◆ Brief ◆
What is needed is a word-for-word transcript of the listing, free of pictures.

◆ Data shown ◆
+++
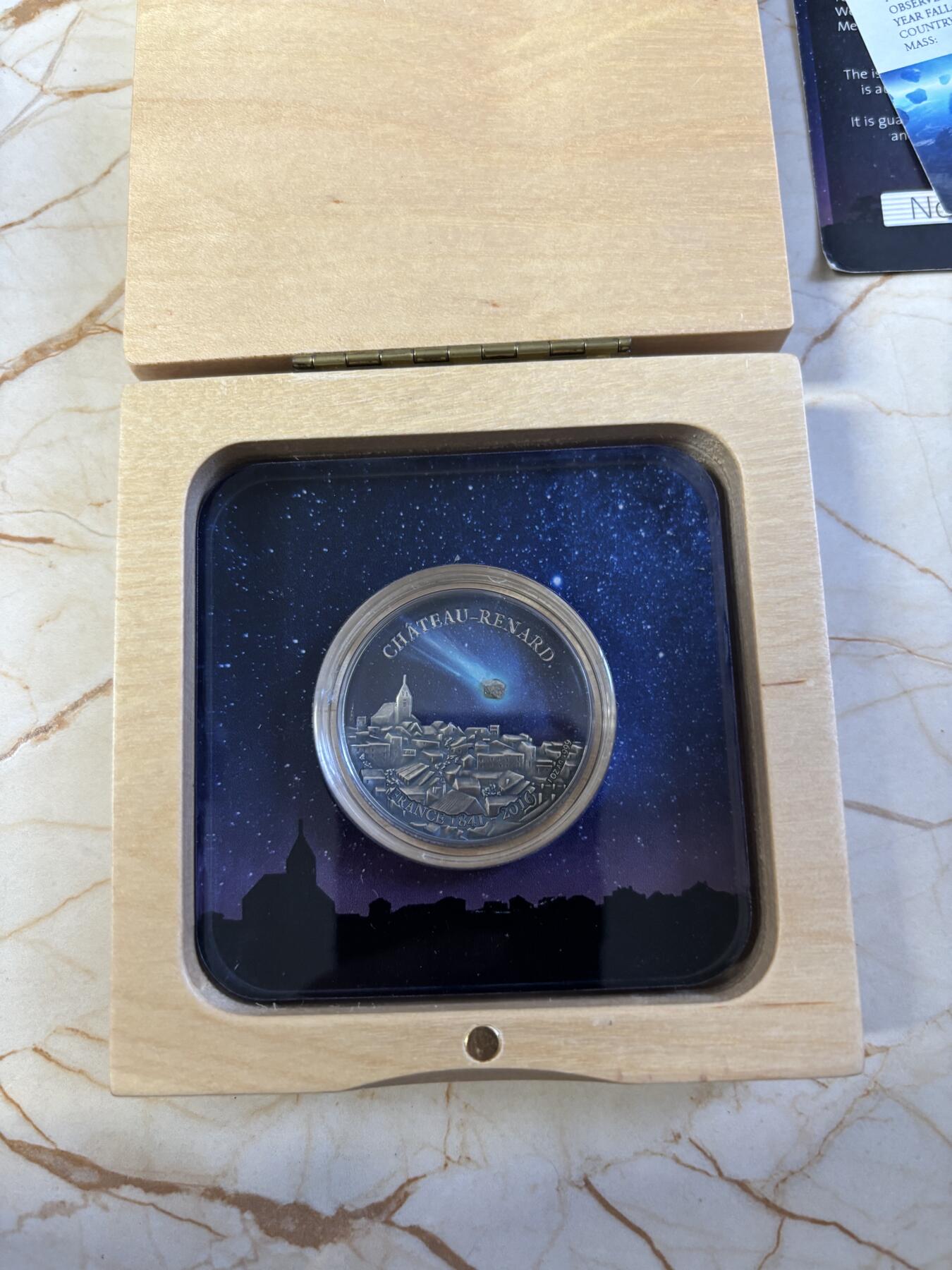 第187期拍卖 布基纳法索2016年镶嵌法国1841雷纳堡陨石仿古银币，999银，发行量999枚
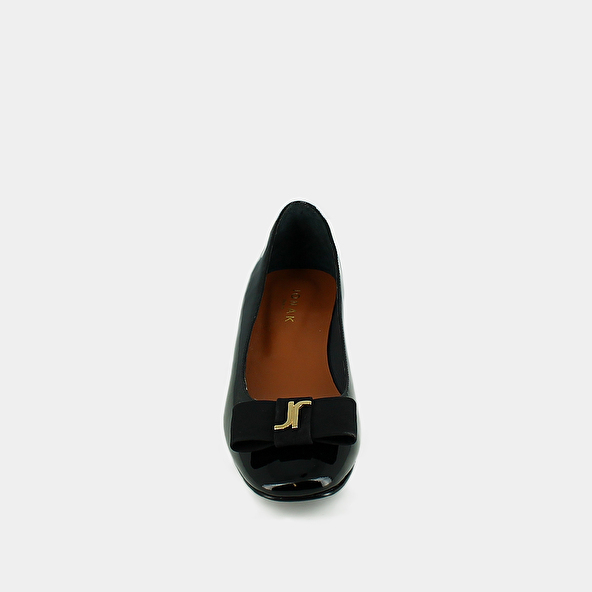 Jonak Ballerines Avec Noeud Et Monogramme In Black Patent DAMIA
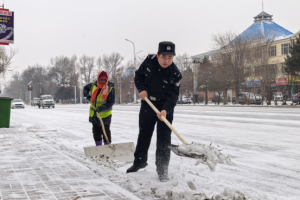民警暖心救助摔倒环卫工人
+++
◆ Task result ◆
 第187期拍卖 布基纳法索2016年镶嵌法国1841雷纳堡陨石仿古银币，999银，发行量999枚
 Jonak Ballerines Avec Noeud Et Monogramme In Black Patent DAMIA
民警暖心救助摔倒环卫工人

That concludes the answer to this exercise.